The potential for a Greek euro exit and the deteriorating health of the Spanish banking system have fueled a growing sense among investors that the crisis in the 17-member currency bloc is nearing new heights.
“This whole European situation has been managed via crisis,” said Didier Saint-Georges, a member of the investment committee of Carmignac Gestion, which has about 50 billion euros ($64 billion) under management.
“You only make progress each time after getting pretty close to the cliff.”
“The key thing is whether a crisis will be big enough that it derails the global picture. That is the question and the one that matters the most,” he said.
Fears that the euro zone disruption will upset global growth were behind a worldwide shift out of riskier assets in the past week that drove global stocks, as measured by the MSCI index, .MIWD00000PUS to their lows for the year and the dollar to four-month highs. .DXY
The selloff spread to areas of the world where growth prospects still inspire hope, with emerging market equities .MSCIEF at their lowest since December 2011 as they post their longest loss-making stretch since 2008. Like many global asset allocators, Carmignac Gestion has adopted a defensive investment strategy in the current environment, hedging euro risks with the dollar and Japanese yen, and selecting stocks that are not exposed to the current macroeconomic risks to drive performance.
“We do anticipate when we have these short term crises that they will have an impact on the market, but if they don’t have an impact on the real economy then over time we can still do pretty well in China or the U.S.,” Saint-Georges said.
MUDDLED RESPONSE
Muddling through is potentially the most likely outcome from the informal EU leaders’ dinner, but markets will be looking for some reassurance that a credible policy response is going to emerge at the formal EU Council summit in late June.
“The leaders will speak about growth measures, but major concrete measures are unlikely at this stage,” said Thomas Costerg an economist at Standard Charted Bank.
Europe’s leaders are still at odds over the role of the new permanent euro zone bail-out fund, the European Stability Mechanism (ESM), while France’s new president, Francois Hollande, is leading a dispute with Germany over the bloc’s ‘fiscal compact’ to enforce government budget discipline.

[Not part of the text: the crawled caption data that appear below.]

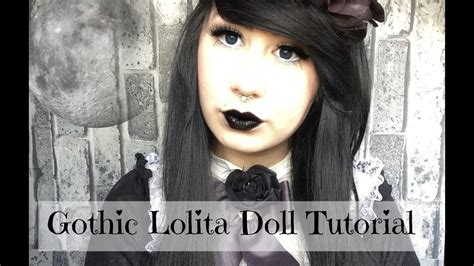 ♠gothiclolita Doll Makeup Tutorial♠ ~happy Halloween~ Youtube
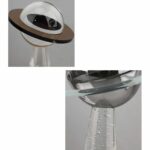 Décoration en verre – Planète avec anneau – Image 2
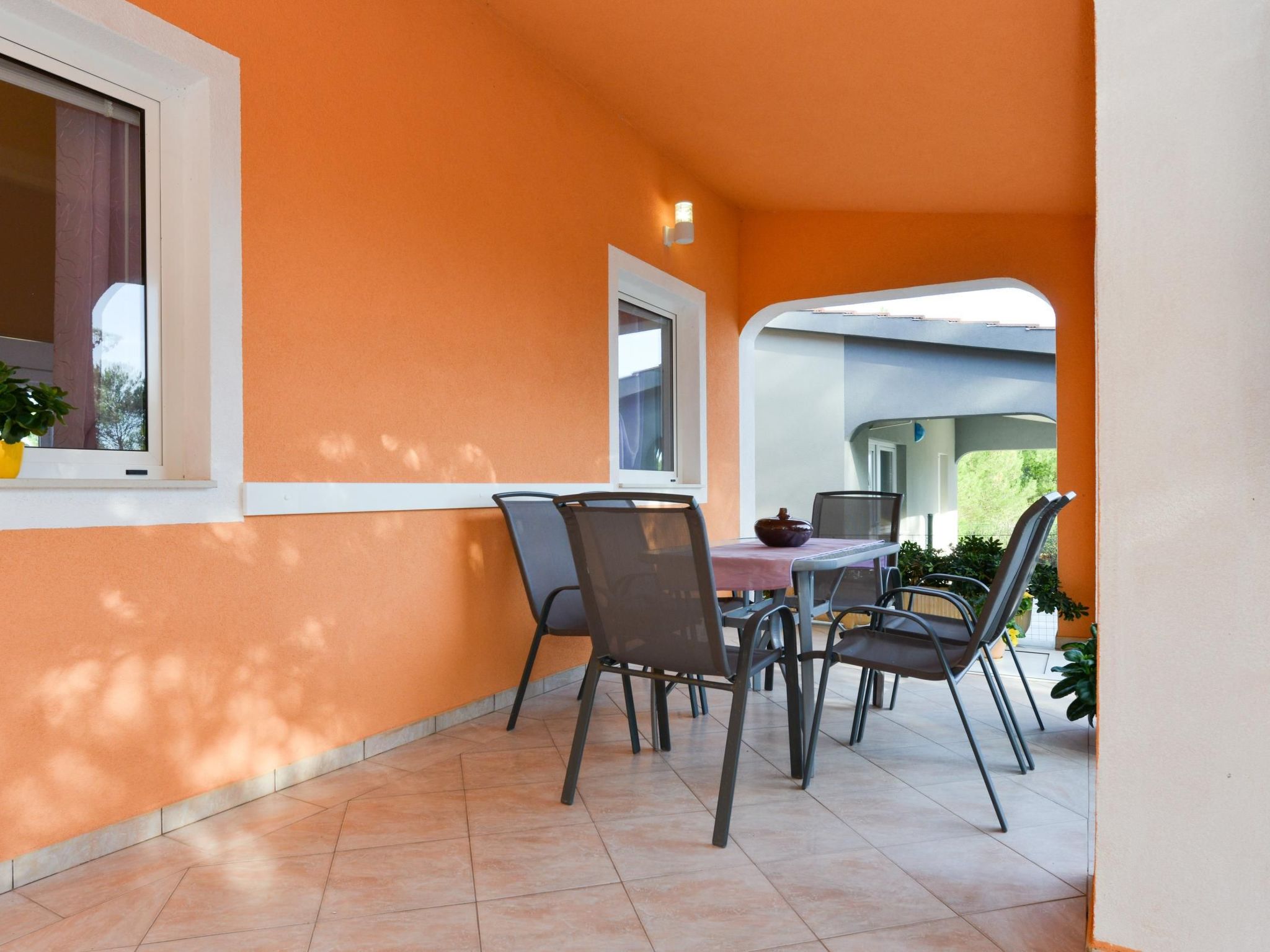 Mit Terrassen am Wald-Image-tags.info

While the politicians discuss a response to the crisis, investors have sought comfort in the idea that the European Central Bank will act to prevent any major financial accident.
But after it pumped over a trillion euros ($1.27 trillion) into the region’s banks so far this year, the threshold for further action from the central bank could be quite high.
“The more they look at what they’ve done thus far, the more they’re finding they’ve just shoveled money into a never ending hole,” Jeff Sica, president and chief investment officer of SICA Wealth Management, an independent wealth manager said.
“The ECB has to look at the French election (outcome) and what’s going on and say ‘nobody is willing to do anything except stand there and wait for us to give them more money’,” he said.
CONTAGION FEARS:
The Bank of Japan may shed some light on how policymakers are gauging the repercussions of the euro zone crisis.
The central bank is not expected to make any change in its current asset purchase plan after the program was extended at the last meeting but it could hint at a future response if it judges the global outlook is worsening.
Japan’s Nikkei index .N225 shed 3 percent on Friday to log a seventh straight week of losses, its longest such run since the third quarter of 2001.
Flash estimates of the latest Purchasing Manager’s indexes (PMIs) for Germany, France and the euro zone on May 24 are expected to show troubled economies in the euro south still shrinking sharply but that Germany, the region’s dominant economy, remains on track for growth.
The influential German Ifo survey of business sentiment for May, also due on May 24, will provide further clarity on whether Germany is at risk of losing momentum because of the crisis.
Economists polled by Reuters in the past week said they expect the euro area’s total GDP to contract modestly in the second quarter after it stagnated in the first three months of the year.